● **Material for the task**:
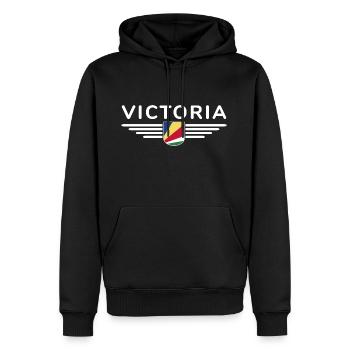 Victoria Seychellen Fans: Stylische Shirts - Männer Premium Bio Hoodie - Schwarz - Vorne - Nico (187cm)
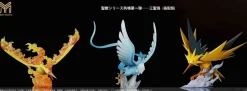 1/20 Scale World Zukan Legendary Birds - Pokemon Resin Statue - My-Studio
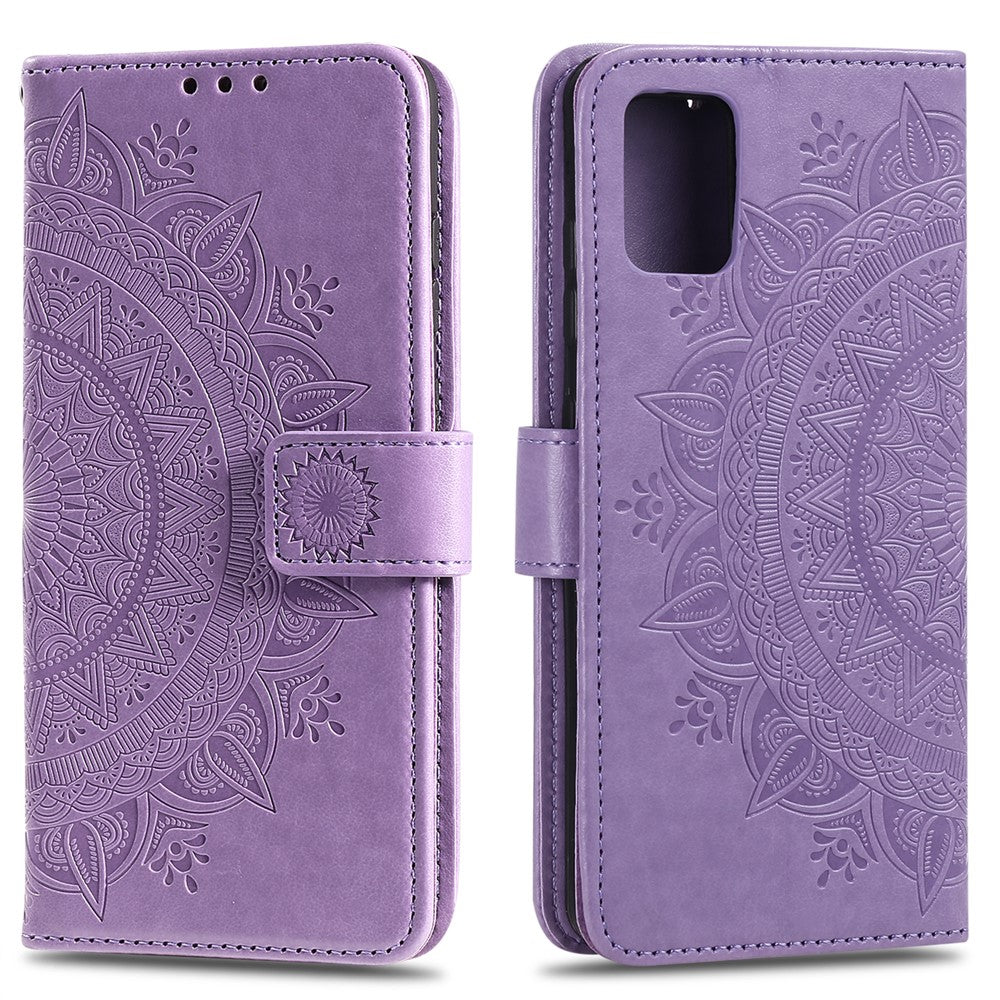 Galaxy A31 Wallet-Hülle – Mit Blumenmuster, Ständer & Kartenfächern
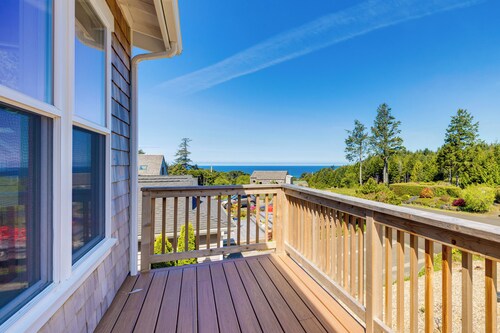 Modern Arch Cape Home: Ocean View, Steps to Beach!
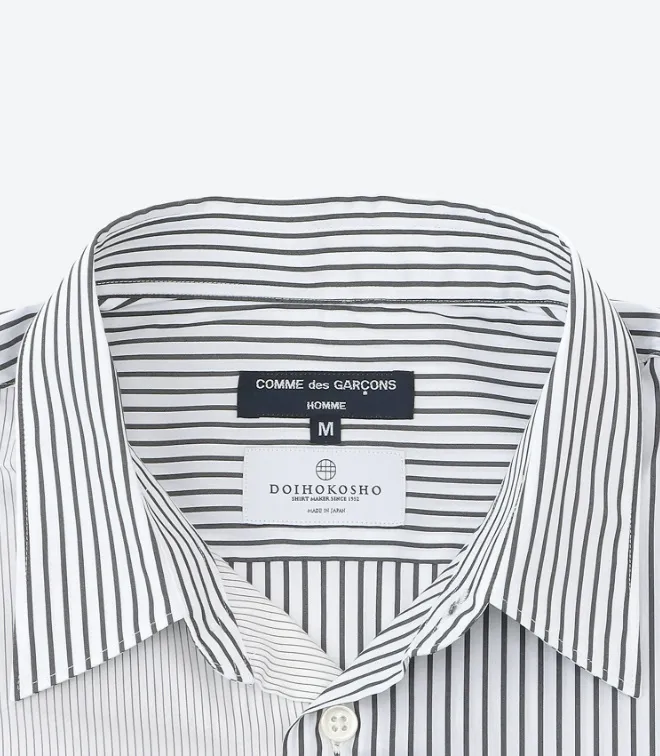 COMME des GARCONS  |Button-down Stripes Short Sleeves Designers Shirts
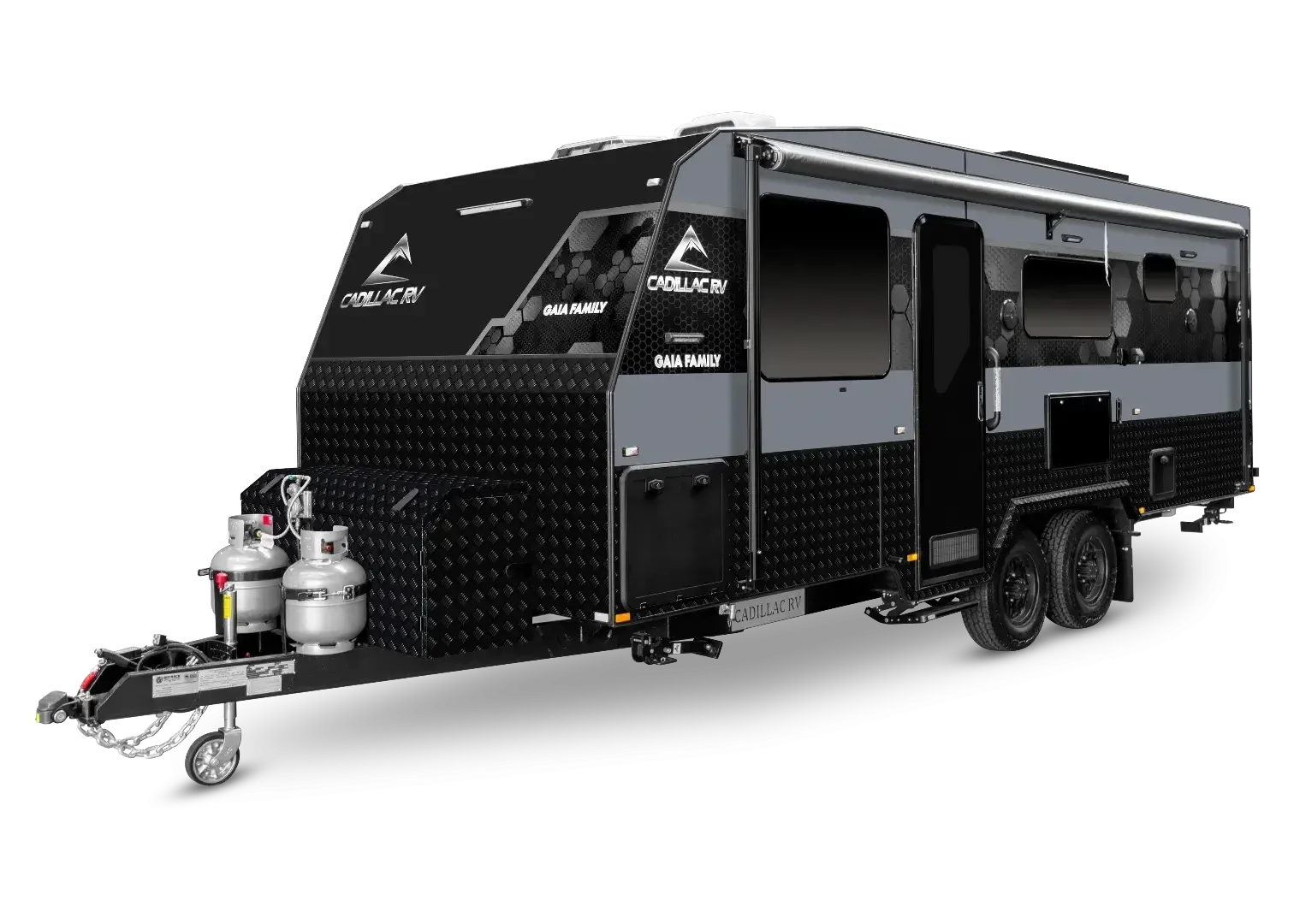 Cadillac RV 216 Gaia 2025 Modell, Offroad-Caravan mit Doppelachse und moderner Ausstattung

● **What to work on**: With images left out, the data must be transcribed exactly.

● **Response to this exercise**:
 Victoria Seychellen Fans: Stylische Shirts - Männer Premium Bio Hoodie - Schwarz - Vorne - Nico (187cm)
 1/20 Scale World Zukan Legendary Birds - Pokemon Resin Statue - My-Studio
 Galaxy A31 Wallet-Hülle – Mit Blumenmuster, Ständer & Kartenfächern
 Modern Arch Cape Home: Ocean View, Steps to Beach!
 COMME des GARCONS  |Button-down Stripes Short Sleeves Designers Shirts
 Cadillac RV 216 Gaia 2025 Modell, Offroad-Caravan mit Doppelachse und moderner Ausstattung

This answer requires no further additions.